The two first met one evening at the Brick Store Pub and fell into a fast friendship, bonding over Belgian beer and a shared attention to detail. Within a few months, Van Ginderacther had moved in with Bainbridge. “I had this four-bedroom house in Inman Park that was really expensive,” Bainbridge admits, “and I had to keep finding roommates so I could afford to live there. But the basement there was huge, so I had a pretty serious homebrewing setup.”
During the day they’d both attend to their jobs. Bainbridge was an engineer at the Georgia Tech Research Institute. Van Ginderachter was a brewer at Decatur’s Three Taverns Brewery, the place that brought him to the U.S. following his time at Brouwerij 't Verzet, the brewery he co-founded in his home country of Belgium, and of which he’s still a part owner. (Van Ginderachter is also, incidentally, the nephew of former New Belgium brewmaster Peter Bouckaert.) At night, they’d head down to the basement. “We’d do some brews together,” Van Ginderachter wryly puts it.
It should be noted here that the two Crooks have a certain Wayne’s World kinda vibe about them. Van Ginderachter is Garth (earnestly coy and highly intelligent, but more Belgian, and with shorter hair) and Bainbridge is Wayne (more outgoing and boisterous, but more of a hacker, and also with shorter hair). It’s easy to imagine, if they happened to keep a Davenport in that basement next to the homebrew kit, them hosting a similarly goofy-yet-hilarious Friday night talk show, quipping about pH instead of partying and schwinging to pictures of Saison Dupont instead of Claudia Schiffer.
But in the place of all that, in this actual world we live in, there was brewing and tasting and tweaking and planning. And the plans reached a pretty realized state pretty quickly.
Those plans called for a focus on Lagers and Belgian beers—specifically Pilsners and mixed-fermentation ales. Clean, simple, traditional beers crafted to within a Planck length of perfection. (A Planck length is the smallest possible size for anything in the universe. The mathematical equivalent is around a millionth of a billionth of a billionth of a billionth of a centimeter. Imagine a decimal point followed by thirty-four zeroes and then a one.)
Ah, but there were two problems. The first was that they wanted the brewery to be small, with little-to-no distribution, but own-premise was not in the cards. The second was that they wanted the brewery to be successful, but neither had much experience with starting an American business, nor the red tape involved.
Enter Tim Kilic, who was COO of Three Taverns at the time. Kilic is a kind man whose slow, Southern drawl matches his disposition to a tee. He’s made up entirely of “gosh” and “golly” and “aw, shucks,” all melted down and mixed together and poured into a human-shaped Jell-o mold. But a serious tone underlies his genuine sincerity.

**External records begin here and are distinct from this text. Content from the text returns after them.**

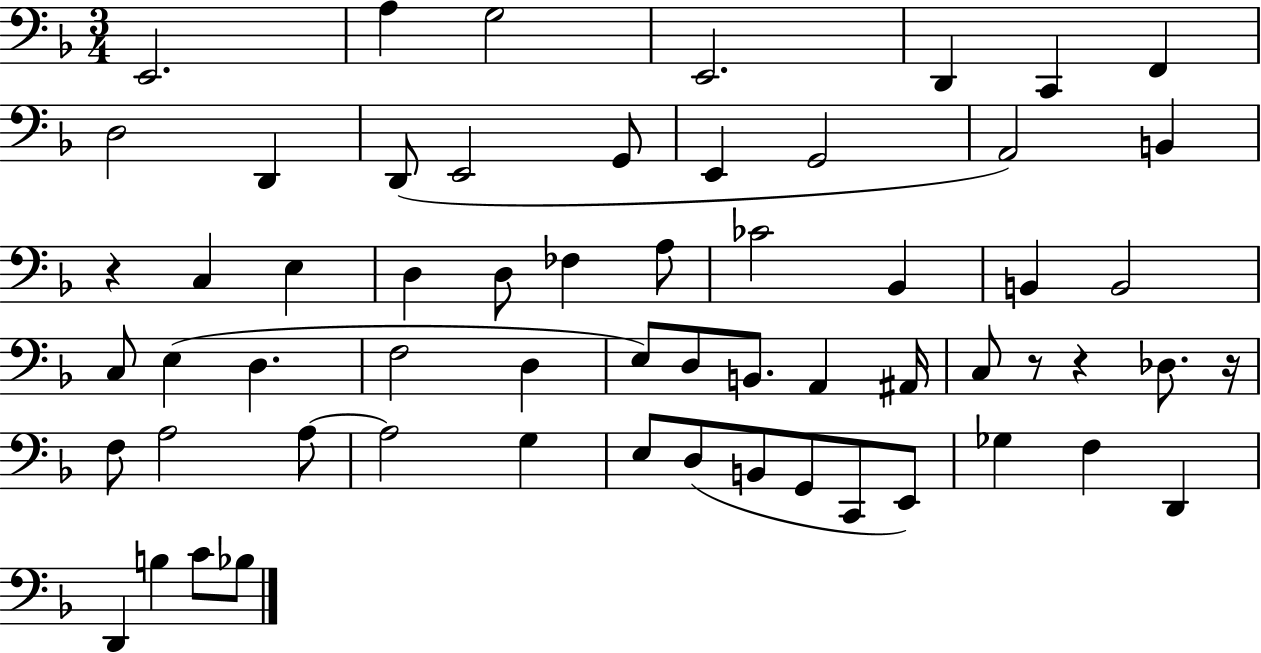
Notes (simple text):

E2/h. A3/q G3/h E2/h. D2/q C2/q F2/q D3/h D2/q D2/e E2/h G2/e E2/q G2/h A2/h B2/q R/q C3/q E3/q D3/q D3/e FES3/q A3/e CES4/h Bb2/q B2/q B2/h C3/e E3/q D3/q. F3/h D3/q E3/e D3/e B2/e. A2/q A#2/s C3/e R/e R/q Db3/e. R/s F3/e A3/h A3/e A3/h G3/q E3/e D3/e B2/e G2/e C2/e E2/e Gb3/q F3/q D2/q D2/q B3/q C4/e Bb3/e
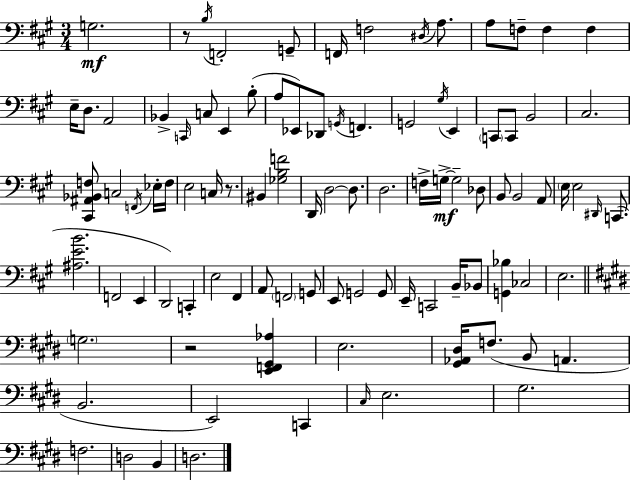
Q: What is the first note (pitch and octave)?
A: G3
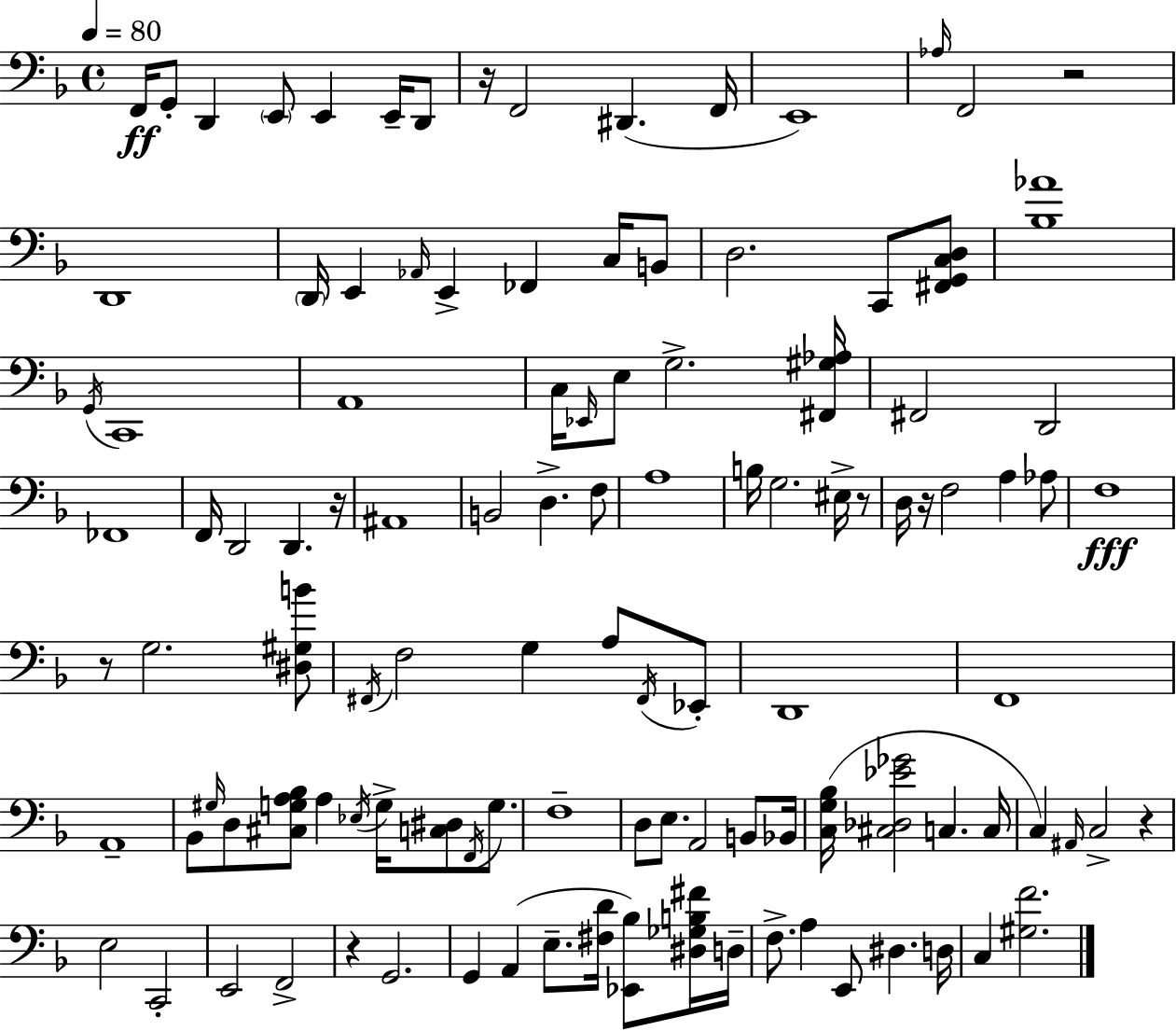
F2/s G2/e D2/q E2/e E2/q E2/s D2/e R/s F2/h D#2/q. F2/s E2/w Ab3/s F2/h R/h D2/w D2/s E2/q Ab2/s E2/q FES2/q C3/s B2/e D3/h. C2/e [F#2,G2,C3,D3]/e [Bb3,Ab4]/w G2/s C2/w A2/w C3/s Eb2/s E3/e G3/h. [F#2,G#3,Ab3]/s F#2/h D2/h FES2/w F2/s D2/h D2/q. R/s A#2/w B2/h D3/q. F3/e A3/w B3/s G3/h. EIS3/s R/e D3/s R/s F3/h A3/q Ab3/e F3/w R/e G3/h. [D#3,G#3,B4]/e F#2/s F3/h G3/q A3/e F#2/s Eb2/e D2/w F2/w A2/w Bb2/e G#3/s D3/e [C#3,G3,A3,Bb3]/e A3/q Eb3/s G3/s [C3,D#3]/e F2/s G3/e. F3/w D3/e E3/e. A2/h B2/e Bb2/s [C3,G3,Bb3]/s [C#3,Db3,Eb4,Gb4]/h C3/q. C3/s C3/q A#2/s C3/h R/q E3/h C2/h E2/h F2/h R/q G2/h. G2/q A2/q E3/e. [F#3,D4]/s [Eb2,Bb3]/e [D#3,Gb3,B3,F#4]/s D3/s F3/e. A3/q E2/e D#3/q. D3/s C3/q [G#3,F4]/h.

Prior to his role at Three Taverns, Kilic was in medicine for 34 years, first as an emergency room doctor, then as an anesthesiologist. During that time, he handled all the finances for his practice and developed a keen business acumen and a dogged work ethic. A passion for homebrewing led him to become an initial investor in Three Taverns.
“I was still practicing medicine,” he explains. “So then I retired, and two days later I was running the whole operation.”
He was there from the jump and helped Three Taverns navigate the many complexities of starting a business and getting it off the ground. Van Ginderachter would eventually introduce Kilic to Bainbridge, who ended up building a pilot system for Three Taverns.
Kilic moved on from Three Taverns after about two years (he’s still an investor), right around the same time a serious effort to change Georgia’s antiquated beer laws came into play. After years of stops and starts and backs and forths, Senate Bill 85 was passed into law in late 2017, providing for the limited sale of malt beverages and distilled spirits directly to customers. That’s when the Crooks approached Kilic with their business plan.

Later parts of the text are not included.